• _What you should do_
Copy exactly the stretch of data below from the line with "2-к. квартира, 60 м, 11/17 эт. - Фото 1" through the line with "Building Photo - 1620 S Michigan Ave", including both of those lines.

━━━ Extracted entries ━━━

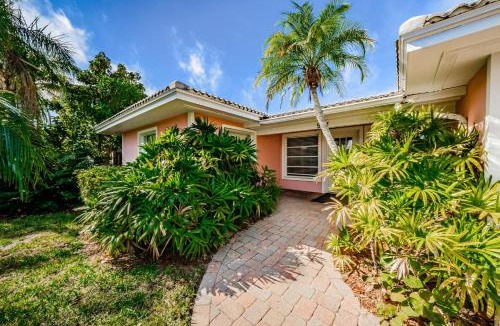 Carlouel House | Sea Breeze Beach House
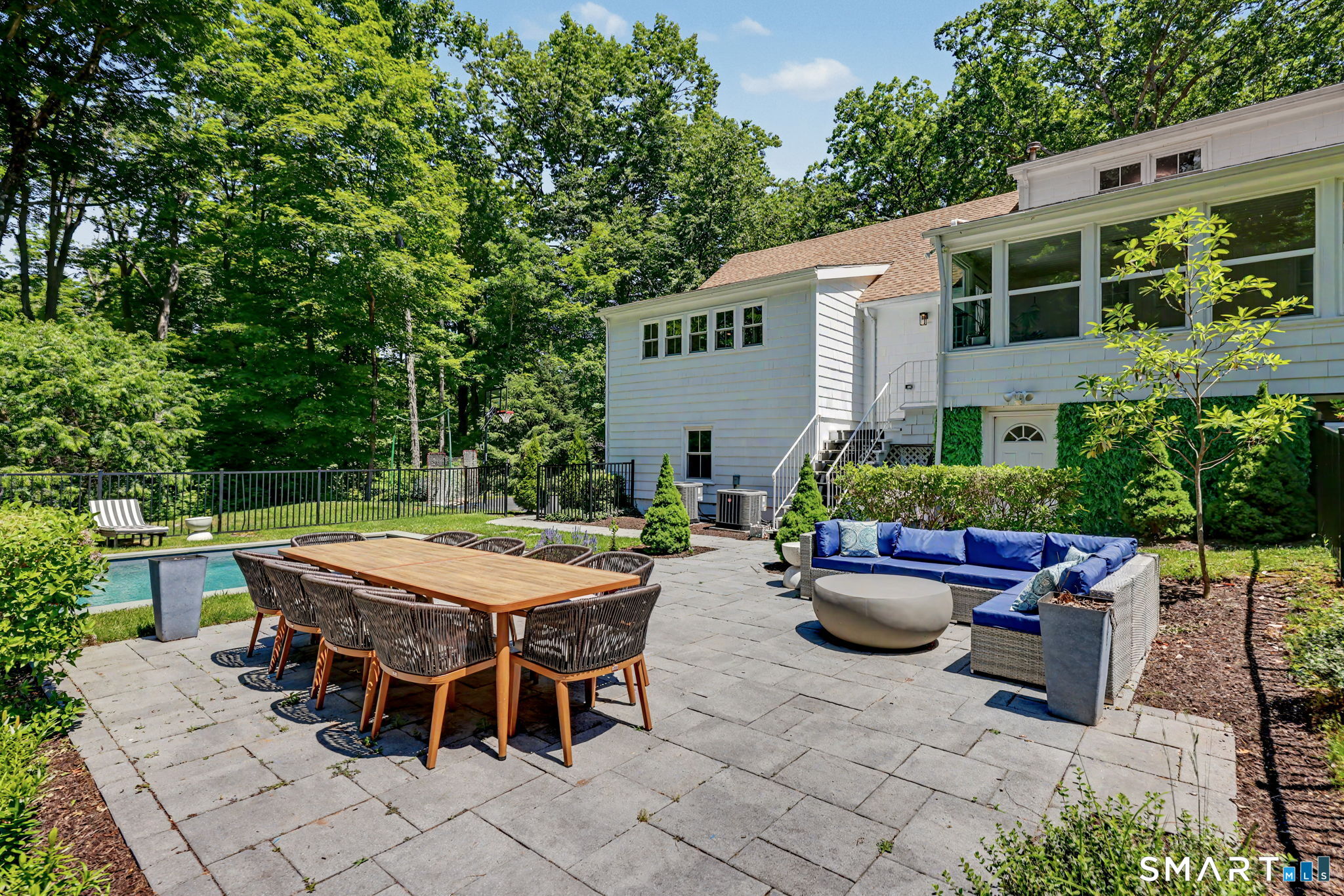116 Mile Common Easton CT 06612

━━━
━━━ Extracted entries ━━━

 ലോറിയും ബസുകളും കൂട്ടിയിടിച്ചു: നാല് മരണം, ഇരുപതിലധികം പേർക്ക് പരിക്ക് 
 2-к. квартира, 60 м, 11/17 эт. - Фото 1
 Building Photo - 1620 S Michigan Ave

━━━

• _Answer area_
 2-к. квартира, 60 м, 11/17 эт. - Фото 1
 Building Photo - 1620 S Michigan Ave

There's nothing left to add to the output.